A lista continua. As mulheres com frequência têm menos poder decisório em casa, inclusive em matéria de orçamento familiar, o que dificulta para elas investir nos insumos de que precisam. As normas culturais também indicam que mulheres nunca são apenas agricultoras: espera-se delas que, todos os dias, gastem horas e horas pegando água e madeira, cozinhando e cuidando dos filhos, o que lhes deixa menos tempo para fazer outras coisas, inclusive na agricultura.
Todos esses aprendizados foram uma revelação para Bill e para mim. Tínhamos começado pensando que oferecer a melhor tecnologia era a melhor maneira de ajudar os agricultores a aumentar sua renda. Mas o potencial para uma revolução agrícola não está apenas na melhoria dos insumos, como as sementes; está no poder das mulheres que as plantam. Portanto, os nossos esforços precisavam colocá-las no centro de tudo.
Desde então, fizemos numerosos doações desenhadas especificamente para refletir as realidades das vidas das mulheres agricultoras. Ajudamos, por exemplo, um de nossos parceiros, a Farm Radio International, a criar um programa de rádio que ensinava às mulheres boas práticas no cultivo de tomates. Ao criar o programa, eles também pesquisaram a hora em que as mulheres poderiam ouvir rádio, sabendo que, se colocassem o programa no ar quando os homens estavam em casa e controlavam o dial, as mulheres acabariam não conseguindo as informações de que necessitavam.
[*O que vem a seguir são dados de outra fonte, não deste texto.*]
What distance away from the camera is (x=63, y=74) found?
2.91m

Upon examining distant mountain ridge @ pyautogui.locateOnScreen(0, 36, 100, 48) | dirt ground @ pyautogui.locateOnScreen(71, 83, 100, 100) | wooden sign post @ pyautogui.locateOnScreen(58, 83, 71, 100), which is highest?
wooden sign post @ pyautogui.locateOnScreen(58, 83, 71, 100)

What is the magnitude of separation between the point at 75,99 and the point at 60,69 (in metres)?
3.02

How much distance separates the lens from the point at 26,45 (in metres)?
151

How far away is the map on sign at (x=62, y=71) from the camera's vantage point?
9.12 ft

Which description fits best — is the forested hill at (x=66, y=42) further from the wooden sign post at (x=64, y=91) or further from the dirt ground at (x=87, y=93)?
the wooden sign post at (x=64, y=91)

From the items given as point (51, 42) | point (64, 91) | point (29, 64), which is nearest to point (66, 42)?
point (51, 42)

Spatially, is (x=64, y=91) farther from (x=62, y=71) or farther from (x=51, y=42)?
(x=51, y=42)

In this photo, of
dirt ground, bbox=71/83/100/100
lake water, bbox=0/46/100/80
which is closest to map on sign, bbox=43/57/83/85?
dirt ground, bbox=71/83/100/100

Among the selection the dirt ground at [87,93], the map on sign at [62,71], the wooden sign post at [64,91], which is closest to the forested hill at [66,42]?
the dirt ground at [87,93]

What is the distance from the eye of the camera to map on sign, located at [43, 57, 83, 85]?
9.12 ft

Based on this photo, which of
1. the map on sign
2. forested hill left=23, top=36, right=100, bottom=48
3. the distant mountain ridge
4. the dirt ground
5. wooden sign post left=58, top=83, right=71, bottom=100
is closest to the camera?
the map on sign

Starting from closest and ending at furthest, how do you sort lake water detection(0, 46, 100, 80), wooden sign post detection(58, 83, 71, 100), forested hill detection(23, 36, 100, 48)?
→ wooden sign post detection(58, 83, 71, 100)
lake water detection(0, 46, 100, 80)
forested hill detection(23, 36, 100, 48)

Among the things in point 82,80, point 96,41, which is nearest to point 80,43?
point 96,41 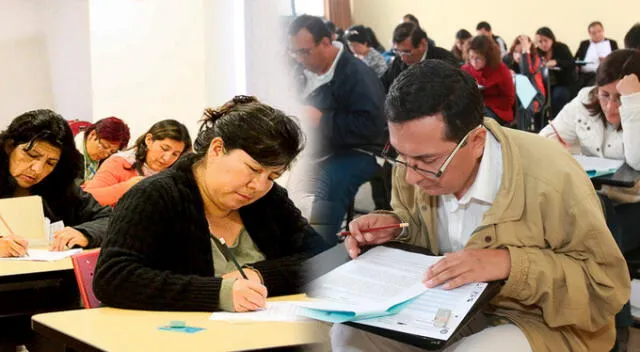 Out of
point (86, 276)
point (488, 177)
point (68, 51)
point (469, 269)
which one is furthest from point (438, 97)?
point (68, 51)

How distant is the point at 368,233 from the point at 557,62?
6.79 m

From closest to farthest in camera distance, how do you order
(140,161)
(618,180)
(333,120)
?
1. (333,120)
2. (618,180)
3. (140,161)

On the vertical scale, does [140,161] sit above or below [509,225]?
below

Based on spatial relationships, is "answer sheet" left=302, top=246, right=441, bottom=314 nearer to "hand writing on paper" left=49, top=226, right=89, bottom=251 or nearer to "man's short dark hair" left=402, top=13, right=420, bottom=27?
"hand writing on paper" left=49, top=226, right=89, bottom=251

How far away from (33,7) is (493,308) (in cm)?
434

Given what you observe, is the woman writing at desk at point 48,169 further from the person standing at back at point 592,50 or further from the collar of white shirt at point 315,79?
the person standing at back at point 592,50

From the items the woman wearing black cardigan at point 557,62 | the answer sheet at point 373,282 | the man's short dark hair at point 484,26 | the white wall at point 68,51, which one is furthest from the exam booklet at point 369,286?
the woman wearing black cardigan at point 557,62

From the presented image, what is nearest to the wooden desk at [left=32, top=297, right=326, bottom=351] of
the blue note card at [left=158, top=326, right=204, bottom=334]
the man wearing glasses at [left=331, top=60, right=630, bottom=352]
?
the blue note card at [left=158, top=326, right=204, bottom=334]

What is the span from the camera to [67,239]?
2.49 metres

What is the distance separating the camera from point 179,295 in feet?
5.06

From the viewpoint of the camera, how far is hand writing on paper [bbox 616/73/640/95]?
115 inches

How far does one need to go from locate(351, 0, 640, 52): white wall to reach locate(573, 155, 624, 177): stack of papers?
1.55m

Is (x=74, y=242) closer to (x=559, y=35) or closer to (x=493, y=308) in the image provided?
(x=493, y=308)

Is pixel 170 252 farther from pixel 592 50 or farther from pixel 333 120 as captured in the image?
pixel 592 50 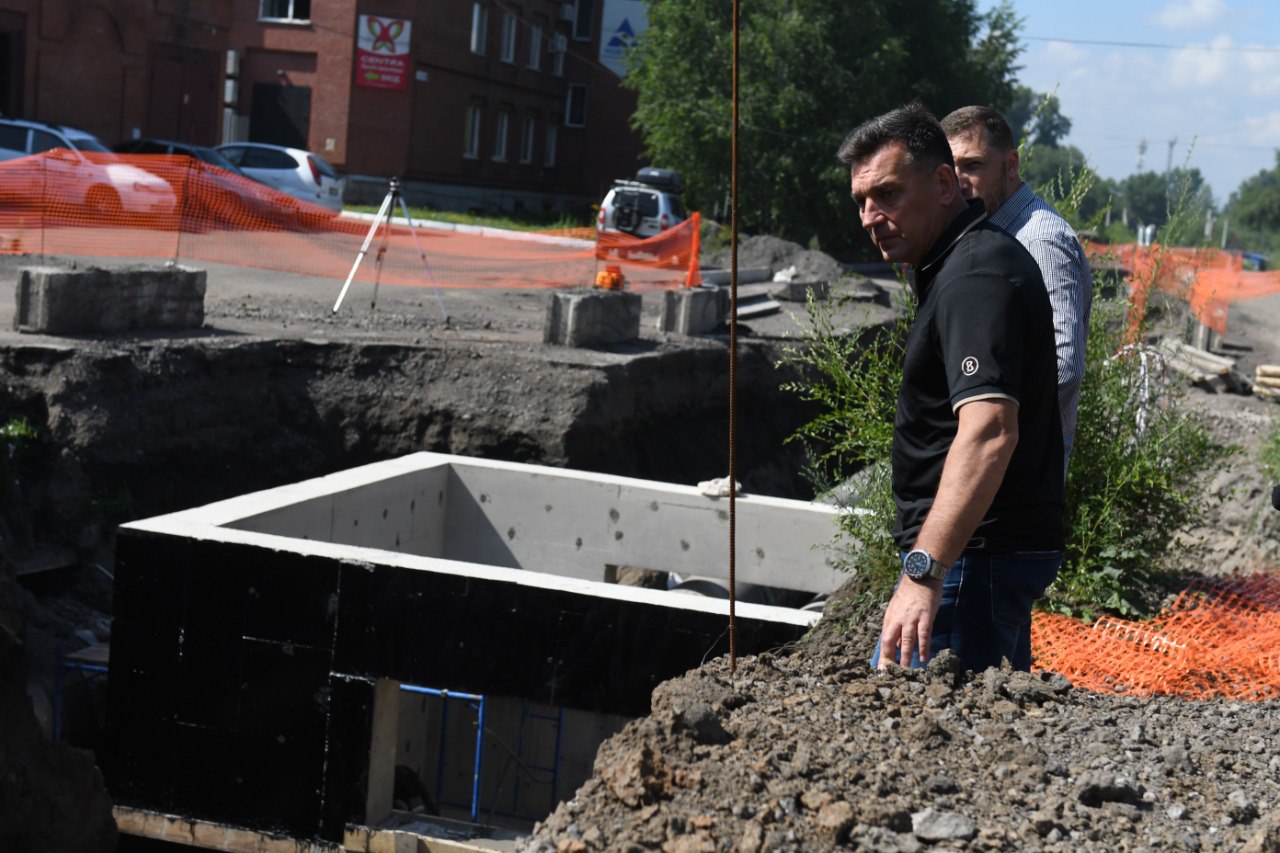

Outro programa que apoiamos, o Pathways, operado pelo nosso parceiro CARE, deu um passo adiante. Ele não somente ensinou as mulheres a como se tornar melhores agricultoras —também ensinou os maridos a ver suas mulheres como parceiros em pé de igualde. Viajei para Malawi para ver o funcionamento desse programa e passei algum tempo com uma agricultora de nome Patricia. Patricia me disse que o programa a estava ajudando a ganhar acesso a novas habilidades e sementes. Ela também me falou do impacto que isso teve no seu casamento.
Depois de participar de alguns exercícios de igualdade de gênero, o marido de Patricia chegou à conclusão de que, ao recusar-se a investir na parte dela na lavoura e ao sobrecarregá-la com outras tarefas domésticas, ele tinha prejudicado o potencial da sua propriedade agrícola e impedido sua mulher de obter uma renda melhor. Ele prometeu mudar.
Na época em que visitei seu povoado, Patricia tinha quadruplicado sua colheita e estava planejando expandir sua lavoura ainda mais. E, mesmo reconhecendo que as novas habilidades e sementes certamente tinham desempenhado um papel importante no processo, igualmente importante, disse-me ela, era o fato de que agora ela tinha "um marido colaborativo".
Hoje, quando eu fecho os olhos e imagino um agricultor, imagino Patricia — e procuro fazer com que minhas colegas também assim imaginem. Porque, quando você passa a entender melhor quem faz a agricultura, é muito mais fácil elaborar soluções para ajudá-lo a ter êxito.
Meu novo livro, The Moment of Lift, defende a priorização da igualdade de gênero no mundo todo. Eu acredito que, quando levantamos as mulheres, estamos levantando a humanidade. E como a história de Patricia demonstra tão poderosamente, algumas vezes tudo o de que se precisa para levantar as mulheres é parar de empurrá-las para baixo.